The simple question by the “masses” seems to be, “but what is the difference between Iraq before elections and Iraq after the elections?” The simple answer is that the war has turned bloodier after the elections. Attempts to tell the Iraqis to forget about ethnic and religious differences are futile after three years of basing the Iraqi lives on those divisions. News anchors, who are among the media networks intellectuals, paid a solemn gesture to mark the day when the number of dead American soldiers reached 1,500 and the injured more than 11,000. The same anchors continue to count the Iraqi dead by the dozen as if they were things or individuals who “needed killing.”

The destruction of infrastructure in big Iraqi cities and heavily populated centers is rarely mentioned.
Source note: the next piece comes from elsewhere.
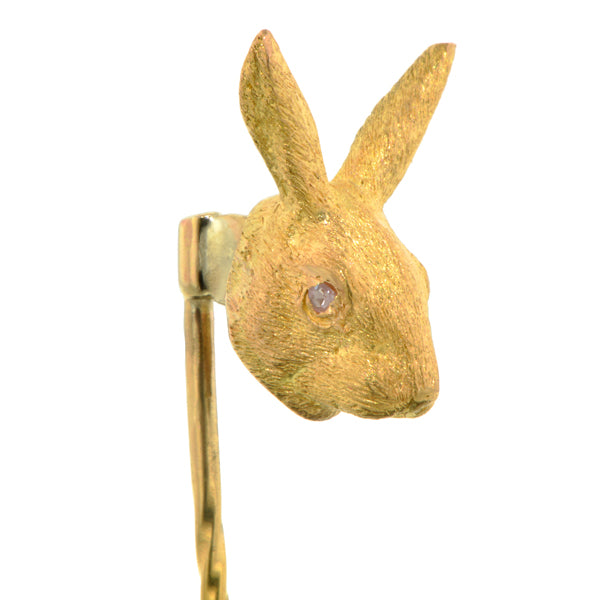 Antique Rabbit Head Stickpin sold by Doyle and Doyle an antique and vintage jewelry boutique
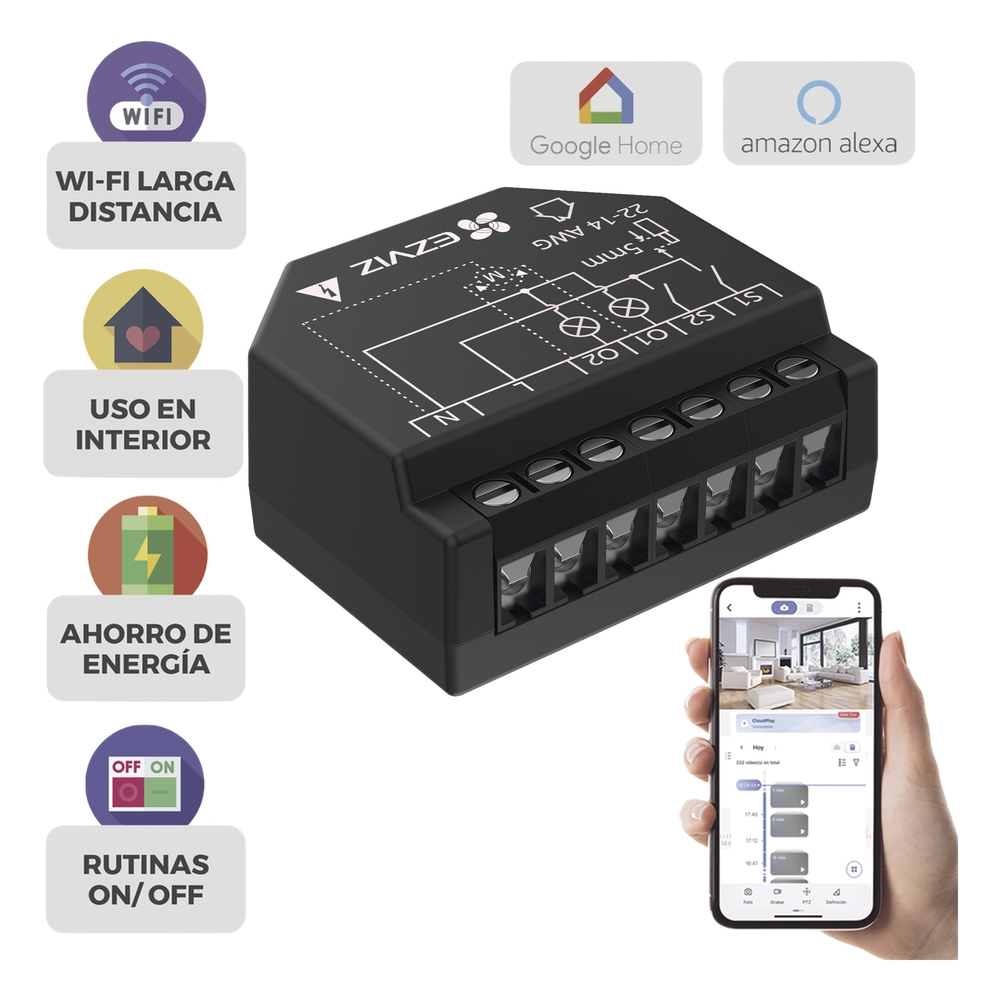 Relevador Wi-Fi Inteligente / 2 Salidas Para 2 Apagadores / Ideal Para Control de Iluminación / Control Remoto / Horarios Personalizados / Registro de Consumo / 110-240VCA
Some intellectuals will quickly thwart any attempt to mention the devastation and displacement of thousands by saying that people who concentrate on destruction were just doomsday advocates, and we would do better if we paid some attention to the positive peaceful life that was going on in some parts of that country. To explain why such a suggestion should insult anyone's intelligence, let us apply it to the USA. Suppose that we embraced the notion of being positive and applied it to the events of september 11th. on that devastating day life was hardly disrupted in most parts of the country. Schools remained open and people expressed their shock and horror while meeting in peaceful places. Even in New York City the news was not heard in all boroughs at the same time. Would it have been a good argument to tell everyone to remember that it was only two buildings and a couple of thousand people and thank goodness we still had about 300 million alive and a government in place? We may not feel the absurdity of such an argument till we equate the devastation and the inequity of destabilization in both places.  It is not far fetched to conclude that flag waiving nationalists chanting death to the enemy on all sides emerge from the same devastation, and there is no virtue in branding one group insurgents and another patriots.

There is, more often, a negative tendency in the existing debate; the debaters are excellent at vilifying what they are against rather than speak to what they are for. Not only that but the debate involves anti-government arguments rather than antiwar arguments, to the extent that there is usually a celebration of killing of government soldiers and wailing over human rights when the killing is of the rebels. For me the most disconcerting of all is how intellectuals take for granted the legality of war and concentrate on the illegal acts of the warriors.

[1] This title is taken from the title of a book edited by Meredeth Turshen and Clotilde Twagiramariya titled, What Women Do in Wartime: Gender and Conflict in Africa.

2 The Sudanese people grew accustomed to waking up in the morning to the tunes of military marches that would be followed by a declaration of a military take over. It became a joke that whoever wakes up the earliest can take over power.

3 Khalid, Mansur. 1993, The Sudanese Elite and Addiction to Failure, Cairo, Sijjil Alarab Printers.  

4 Edward Said. The Treason of the Intellecuals. In Masters of the universe? : NATO's Balkan crusade  edited by Tariq Ali. London ; New York: Verso, 2000.